L’industrie classique pouvait se contenter de rester dans la mince frange « raisonnable » pour arriver à ses fins et faire servir la nature à ses objectifs. Pour des industries plus fines, ou pour l’affrontement de milieux extrêmes, la haute atmosphère, l’espace, les grandes profondeurs terrestres ou maritimes, les modèles prédictifs classiques explosent sous la complexité des phénomènes : le physicien ne peut plus se contenter de maîtriser sa machine thermique de l’extérieur, il doit rentrer dans la fournaise.
Il en est de même de l’agriculture. Dès que le vivant est impliqué, les phénomènes non calculables entrent en ligne de compte, de ce que l’on pensait régi par une logique industrielle. Entre la calculabilité complète et l’inconnu que l’on aborde par le seul empirisme se trouve de nos jours une possibilité intermédiaire : l’IA.
3. Les limites de l’analogie de l’usine à plants
Les limites de l’exploitation industrielles des champs apparaissent dès lors que l’on souhaite faire des prédictions fines sur l’évolution des cultures, besoin indispensable de la productivité économique.
Un premier problème se pose concernant les différentes dimensions d’une prise de vue aérienne, qu’elle soit effectuée par satellite, drone ou tout autre moyen. Les principaux paramètres de la capture de vue sont la résolution spatiale, la fréquence temporelle des vues, la signature spectrale du sol photographié, ce dernier devant être représentatif de son occupation et de sa composition.
Il est très difficile d’obtenir des images performantes sur ces trois dimensions à la fois, la haute résolution et l’étendue et la précision spectrale nécessitant des moyens que l’on ne peut utiliser trop fréquemment.

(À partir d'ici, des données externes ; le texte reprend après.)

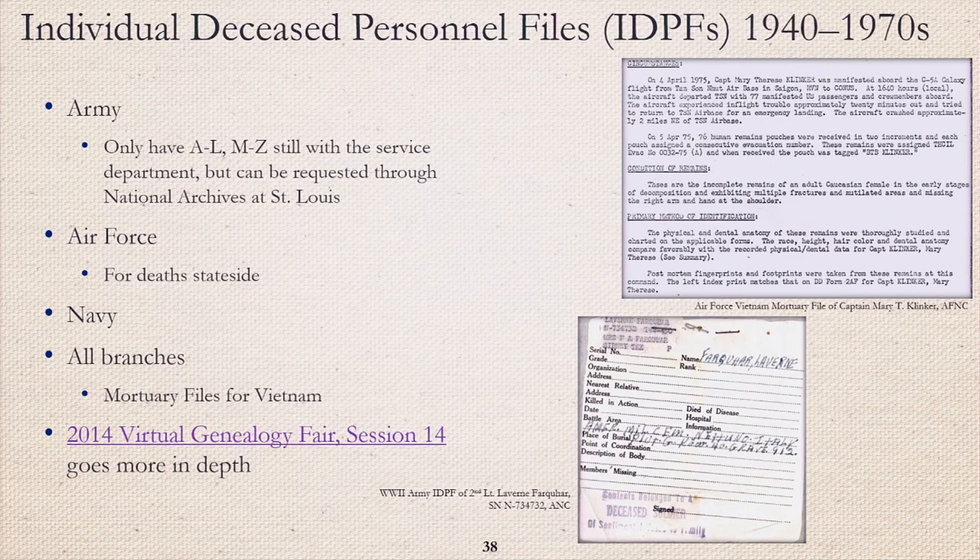Individual Deceased Personnel Files (IDPFs) dates vary by branch. For Army IDPFs of the World War II and Korean eras, we currently only have surnames A through L, but surnames M through Z can still be requested through the National Archives St. Louis. We do have all surnames for the Vietnam era. The top example is Air Force nurse Captain Mary T. Klinker's Vietnam mortuary file. Sadly, Captain Klinker died in the plane crash in Vietnam during Operation Babylift. She is one of the PEPs whose OMPF is digitized and on the NARA catalog. For more information about IDPFs, I recommend checking out the 2014 Virtual Genealogy Fair presentation.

Si l’usage des drones représente un réel progrès par rapport au satellite en termes de fréquence de prise de vue, ils ne permettent pas pour l’instant une instrumentation lourde en capture d’image, ni une capacité importante de stockage et de transmission de la donnée.
Les prises de vue sont complétées bien entendu par des mesures au sol, qu’il s’agisse de la composition et la température du sol à différentes profondeurs, comme de l’état des plantes par échantillonnage.
Un tel quadrillage permet une grande précision, mais fait en même temps apparaître toute la différence entre un champ agricole et une usine.
Si l’on compare la plante à une unité de production, alors il s’agit d’unités vraiment très particulières, telles qu’aucune usine au monde n’en montre actuellement.
Si nous poursuivions l’analogie, il faudrait imaginer des unités de production totalement interdépendantes, sujettes à des effets de propagation, d’osmose, de symbiose entre elles. Rien de tel dans une usine, qui est un ensemble d’unités indépendantes ou reliées simplement par la transmission de quelques signaux, supervisées par un programme central.
Un champ est au contraire un ensemble d’unités en interdépendance permanente, hautement connexionnistes, sujettes à des effets de contagion, auto-organisées par les lois de renforcement qu’elles exercent entre elles et non dirigées par un cerveau central. Ceci est plus évident s’agissant d’une forêt, où la notion d’écosystème est bien admise et comprise, y compris vis-à-vis des compromis d’existence négociés entre les plantes et les insectes.
Des épis et plants bien rangés les uns à côté des autres peuvent apparaître comme les unités indépendantes d’une usine. Ce n’est vrai qu’en première approximation et sur une courte période de temps. Dès lors que l’on veut effectuer des prévisions fines et sur un délai excédant la semaine, il faut penser le champ comme un corps global, siège de nombreux effets de propagation entre les différentes unités.